NEW YORK (Reuters Health) - Ten-year results from a comparison of coronary-artery bypass grafting (CABG) with medical therapy alone has found that bypass lowers the odds of cardiovascular death by about nine percentage points in people with ischemic cardiomyopathy.
The 16% reduction in the death rate meant volunteers who received bypass grafting typically lived nearly a year and a half longer than those who received optimal nonsurgical therapy.
The findings are based on a study population of 1,212 patients with an ejection fraction of 35% or less who received bypass grafts between 2002 and 2007.
Death from any cause, the primary endpoint, occurred in 66.1% of the control patients and 58.9% of the bypass recipients (p=0.02).
When the researchers looked exclusively at cardiovascular deaths, the rates were 49.3% in the medical-therapy group and 40.5% in the group receiving bypass in addition to standard medical care (p=0.006).
The combined odds of hospitalization or death from any cause were also lower with bypass.
For death or hospitalization for cardiovascular causes, there was a 10.4 percentage point difference (p<0.001). For death or hospitalization for heart failure, the difference was 8.6 points (p<0.002). It was for 6.4 percentage points for death or hospitalization for any cause (p=0.001).
Results from the study, known as STICHES, were released April 3 at the American College of Cardiology annual scientific session in Chicago and online by the New England Journal of Medicine.
Bypass grafting "was associated with more favorable results than medical therapy alone across all clinically relevant long-term outcomes we evaluated," said the team, led by Dr. Eric Velazquez of the Duke Clinical Research Institute at Duke University, Durham, North Carolina.
The trends "resulted from a persistent and perhaps increasing effect size over time," they said. "Thus, it appears that the operative risk associated with CABG is offset by a durable effect that translates into increasing clinical benefit to at least 10 years."
Coronary artery disease kills more than 538,000 people in the United States each year. Most of the studies establishing the benefits of bypass grafting were done more than 40 years ago.
The initial version of the new study was known as STICH and it followed patients at 99 sites in 22 countries for a median of just over four and a half years. It found no significant difference between the two treatments when it came to the rate of death from any cause. However, bypass recipients were less likely to die from a cardiovascular event or to die from any cause or be hospitalized for cardiovascular causes.
STICHES extends those results to 10 years and found that any-cause death became significant.
Median survival was 7.73 years with bypass and 6.29 years without. The researchers calculated that the number needed to treat to prevent one death was 14 patients. The number needed to prevent one death from a cardiovascular cause was 11.
Other secondary measures were the rates of death combined with specific cardiovascular events. Once again, they consistently found a benefit for bypass.
There was a 15.8 percentage point difference for any cause of death or revascularization (p<0.001). For death or nonfatal myocardial infarction the difference was 6.3 points and it was for 7.2 percentage points for death or nonfatal stroke (both p=0.03).

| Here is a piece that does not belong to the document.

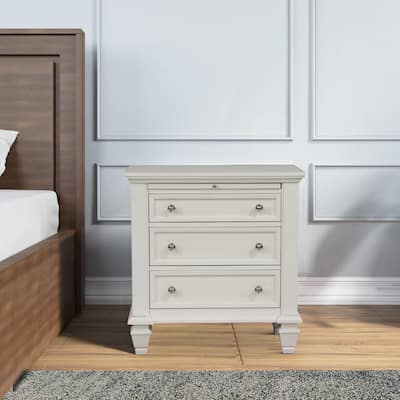 Lila 30 Inch Nightstand with Slide Out Tray, Felt Lined Top Drawer, White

Among the 610 people originally assigned to the bypass group, 9% did not receive a graft before the end of the trial. In the 602 assigned to medical therapy alone, 19.8% underwent bypass surgery. Eleven percent had it within the first year.
In an accompanying editorial, Drs. Robert Guyton and Andrew Smith of Emory University in Atlanta, wrote, "The STICHES 10-year results firmly extend the survival benefit of CABG in patients with advanced coronary artery disease to patients with heart failure and severe ischemic cardiomyopathy. These findings should prompt strong consideration of coronary bypass as an addition to medical therapy in shared decision making with these patients."
The National Heart Lung and Blood Institute funded this research. Two coauthors reported disclosures.